The Spanish Domingo Martínez de Irala, who would be governor of the town, was the one who gave the city its name.
2. Buenos Aires
The capital of Argentina was founded in 1536 and its name was originally “Real de Nuestra Señora Santa María del Buen Ayre”.
Pedro de Mendoza was the Spaniard who chose that title in honor of the patron saint of sailors from Seville, Our Lady of Buen Ayre, also called Buen Aire or Bonaira.
In 1580, Juan de Garay renamed Buenos Aires “City of the Trinity”, a name that it kept until 1996, the year in which it received its current name: Autonomous City of Buenos Aires (CABA).
3. Bogota
The Spanish Gonzalo Jiménez de Quesada founded the current capital of Colombia in 1538 and called it Our Lady of Hope.
A year later, in 1539, its title was changed to Santa Fe.
The name Santa Fe de Bogotá was not official during the colonial era, but its use became common due to the need to distinguish this Santa Fe from other homonymous cities, Bogotá being the indigenous name of the region.
Over time this would become the official name.
4. Guatemala City
This capital, which has the same name as the country, was founded by the Spanish in 1776.
The official title of this Central American city is Nueva Guatemala de la Asunción.
5. Panama
The capital of Panama was founded on August 15, 1519 as “Our Lady of the Assumption of Panama”, on the day the Church celebrates the Mother of God.

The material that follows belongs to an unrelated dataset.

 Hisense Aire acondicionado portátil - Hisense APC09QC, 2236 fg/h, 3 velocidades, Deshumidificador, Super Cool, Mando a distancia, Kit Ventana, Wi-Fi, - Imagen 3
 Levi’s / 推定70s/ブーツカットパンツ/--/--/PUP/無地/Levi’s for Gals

The Spanish Pedro Arias Dávila was the one who named it that way.
6. Peace
Although the constitutional and historical capital of Bolivia is Sucre, the seat of government is currently located in La Paz.
La Paz was founded on October 20, 1548 by the Spanish conquistador Alonso de Mendoza, with the name of Our Lady of La Paz, due to the pacification of the civil wars in the Viceroyalty of Peru.
The city was later moved to its current location in the Chuquiago Marka valley.
7. Los Angeles
Although Los Angeles is not the capital of the United States, it is the second largest city in the country and has nearly 50% Latino inhabitants.
Father Juan Crespí, a Spanish Franciscan missionary, found a river in the area of the current city that he called “The River of Our Lady The Queen of the Angels of Porciúncula” and advised that a mission for evangelization be established in that territory. .
On September 14, 1781, according to local history, 44 residents of the area, accompanied by two priests and a military squad, arrived at the place suggested by Father Crespí to start a city and founded the “Pueblo de Nuestra Señora la Queen of the Angels of Porciúncula”, inspired by the name of the river.
Los Angeles later became part of the Spanish kingdom, within the viceroyalty of New Spain. After the independence of New Spain in 1821, the city was annexed to the territory of Mexico.
After the Mexican-American War in the mid-19th century, Los Angeles and other territories became part of the state of California.